Quando considerava um paciente efetivamente “despatternado”, ele iniciava um processo de reconstrução que chamava de “condução psíquica”. Nesse procedimento, Cameron forçava os pacientes a ouvir loops de clipes de áudio personalizados com o objetivo de reforçar ideias específicas na mente do paciente. Às vezes, o paciente era forçado a ouvir a mesma mensagem por dias, semanas ou até meses a fio.

Técnicas de tortura

Após a saída repentina de Cameron do Allan em 1964, devido ao crescente ceticismo dos colegas da área médica, sua pesquisa teve um impacto duradouro nos serviços de segurança em todo o mundo. Essa influência é evidente, principalmente, no que é amplamente reconhecido como o “manual de tortura” da CIA: o Kubark Counterintelligence Interrogation Handbook.

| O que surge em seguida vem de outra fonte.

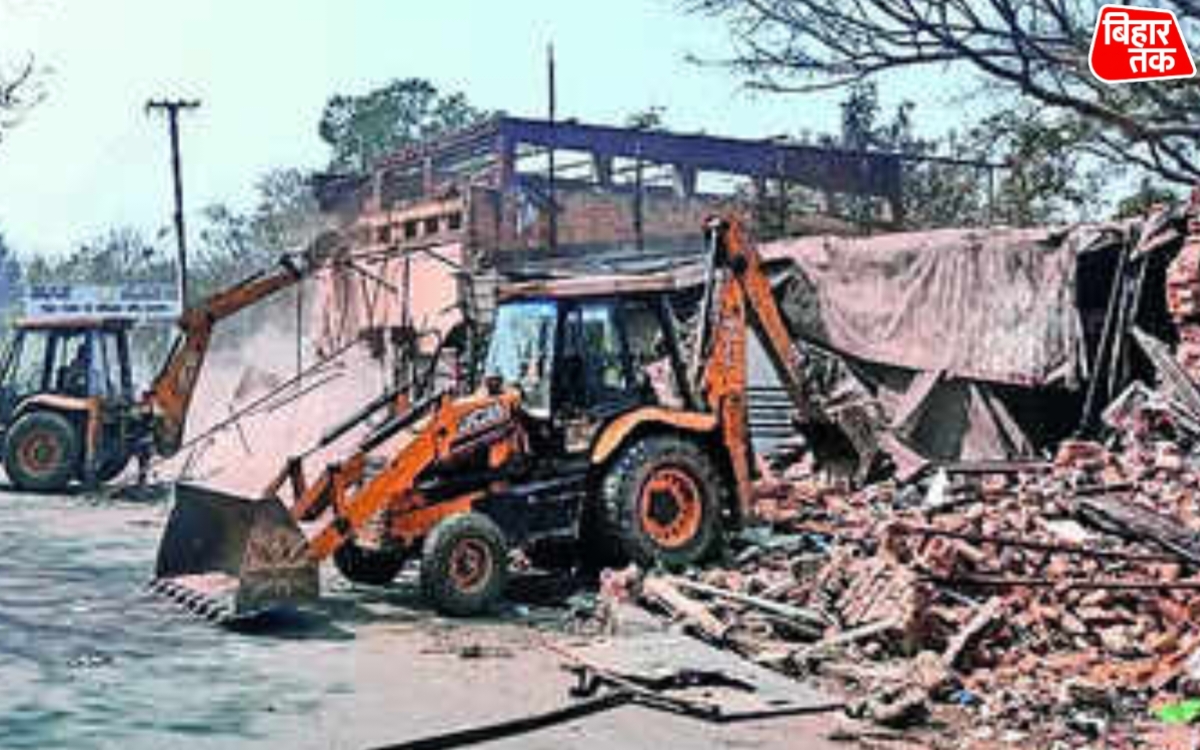 चेतावनी और अपील बेअसर सासाराम नगर परिषद ने अतिक्रमण हटाने के लिए फुटपाथ खुदवाए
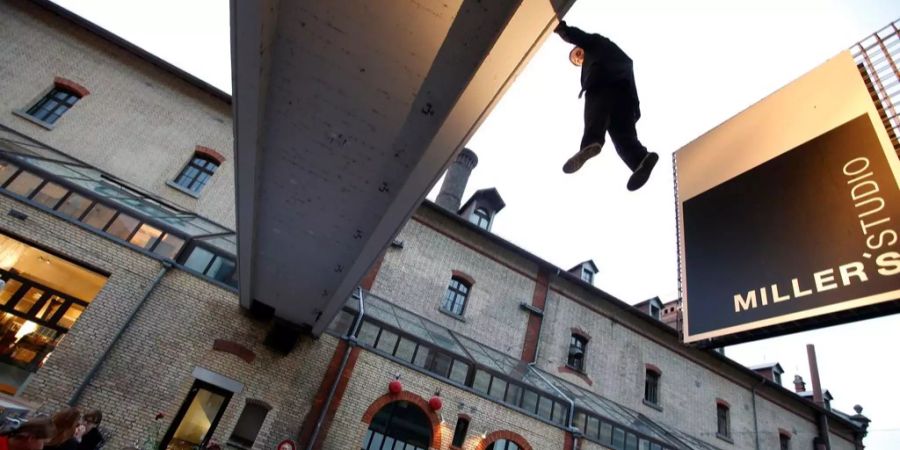 Illusionist Marc Haller schwebt über dem Eingang zum Miller's Studio in Zürich.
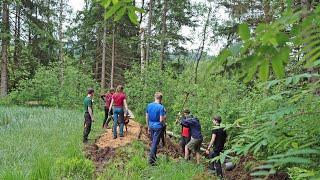 Gymnasium Zwiesel hilft bei Moor-Renaturierung nahe Kreuzstraßl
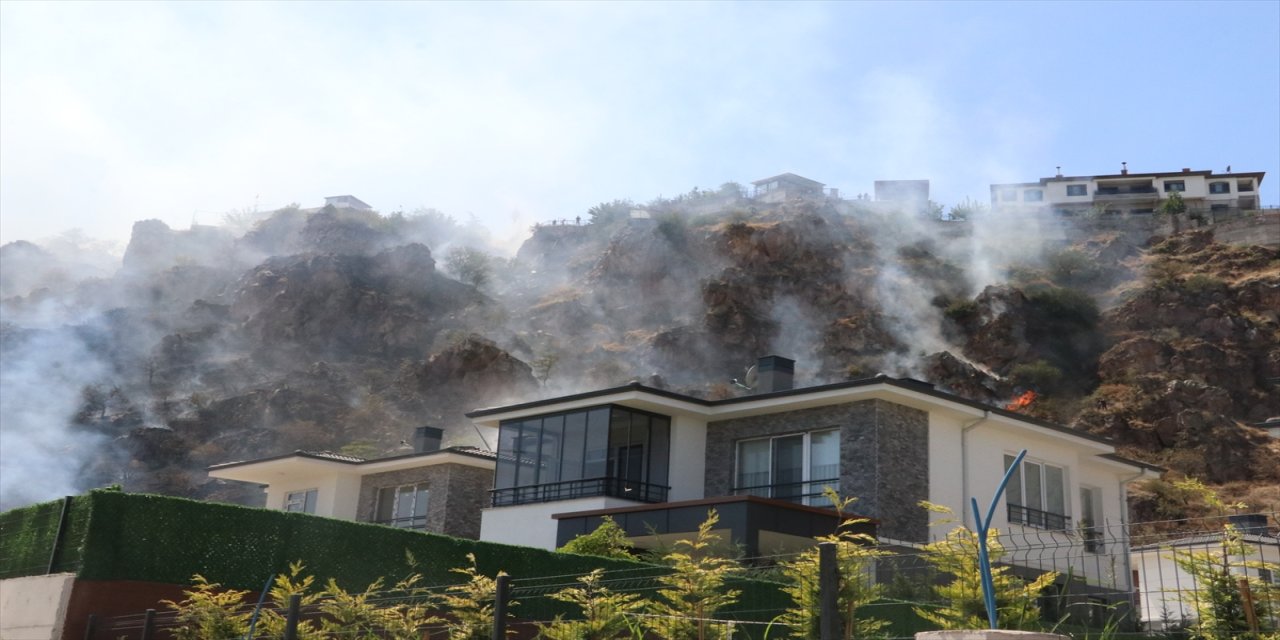 Kayseri'nin merkez Melikgazi ilçesinde otluk alanda çıkan yangın söndürüldü.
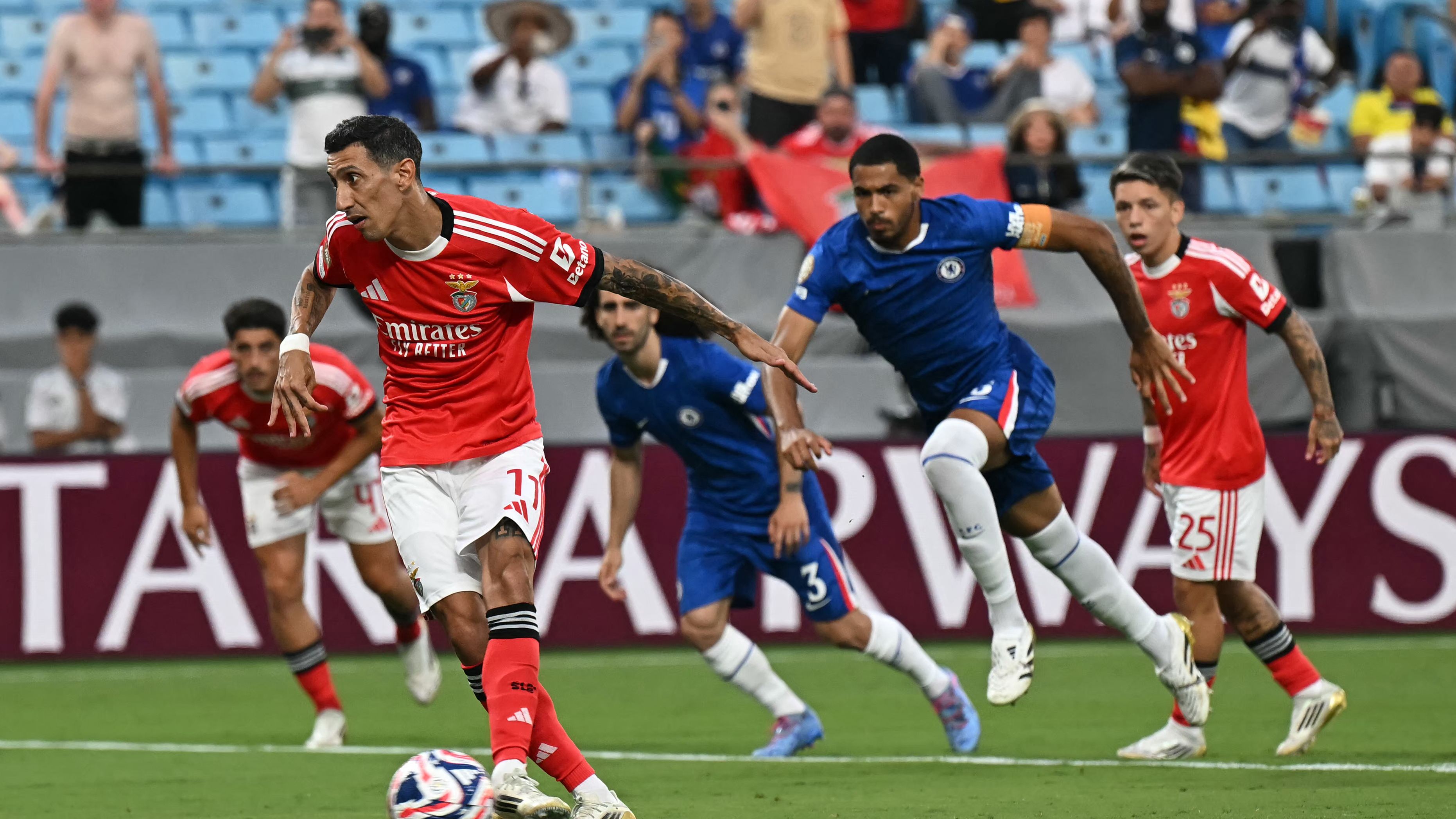 TOPSHOT-FBL-WC-CLUB-2025-MATCH50-BENFICA-CHELSEA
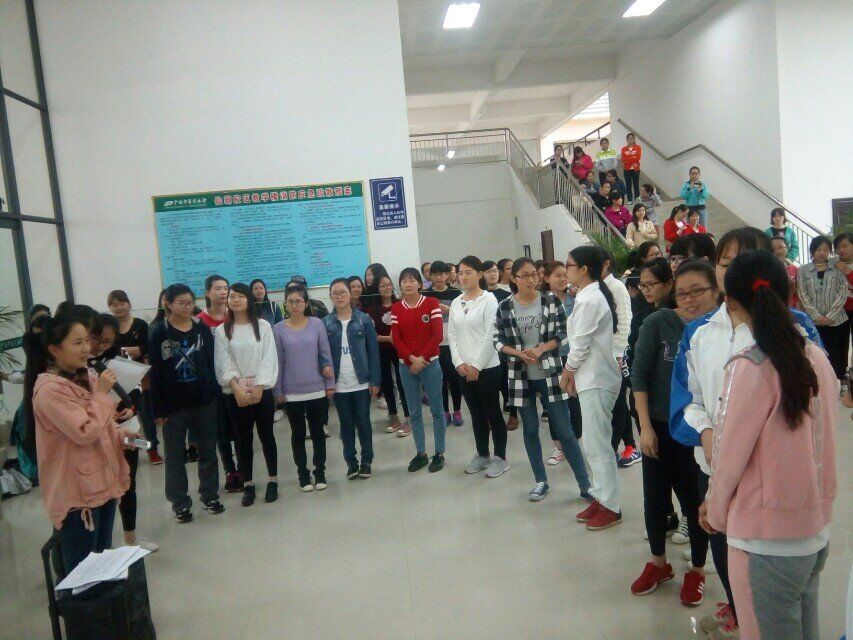 主持人介绍游戏规则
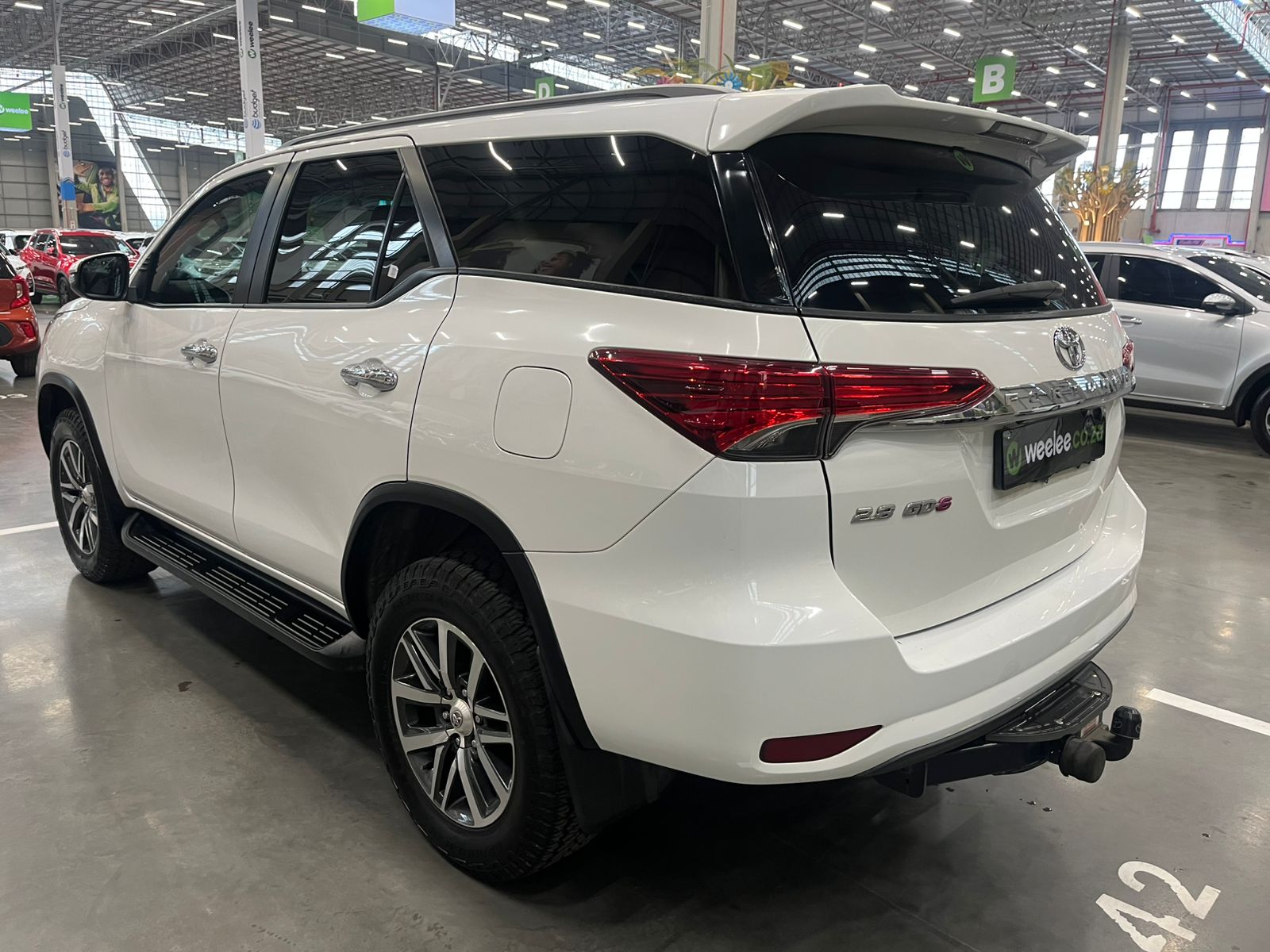 TOYOTA FORTUNER FORTUNER 2.8GD-6 R/B A/T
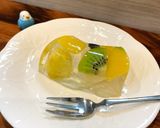 透明ゼリーにフルーツ浮かぶドーナツゼリー作り方8写真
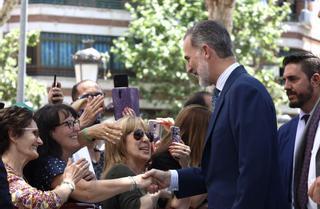 Felipe VI acuerda verse con el Rey Emérito cuando vuelva a España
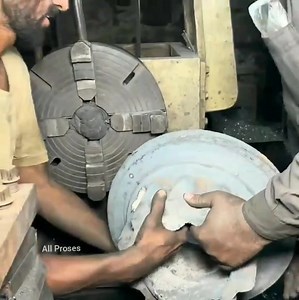 1.4M views · 28K reactions | Dari Block mesin kapal mereka membuat Hub roda truck berkualitas tinggi, Seni dan keterampilan yang diwariskan oleh kakek moyang mereka luar biasa. | All Proses | Facebook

Publicado em 1963 e agora prontamente disponível online, este manual faz referência a uma “série de experimentos realizados na Universidade McGill” e frequentemente faz alusão às técnicas do Dr. Cameron. Em uma parte do manual relacionada aos métodos e recursos de privação sensorial, observa-se que os resultados “produzidos somente após semanas ou meses de prisão em uma cela comum podem ser duplicados em horas ou dias em uma cela sem luz, à prova de som e com odores eliminados”.

Em 2004, as ações do Exército dos Estados Unidos e do pessoal da CIA foram submetidas ao escrutínio internacional quando a CBS News publicou fotografias chocantes e perturbadoras da tortura de detentos na prisão de Abu Ghraib, no Irã.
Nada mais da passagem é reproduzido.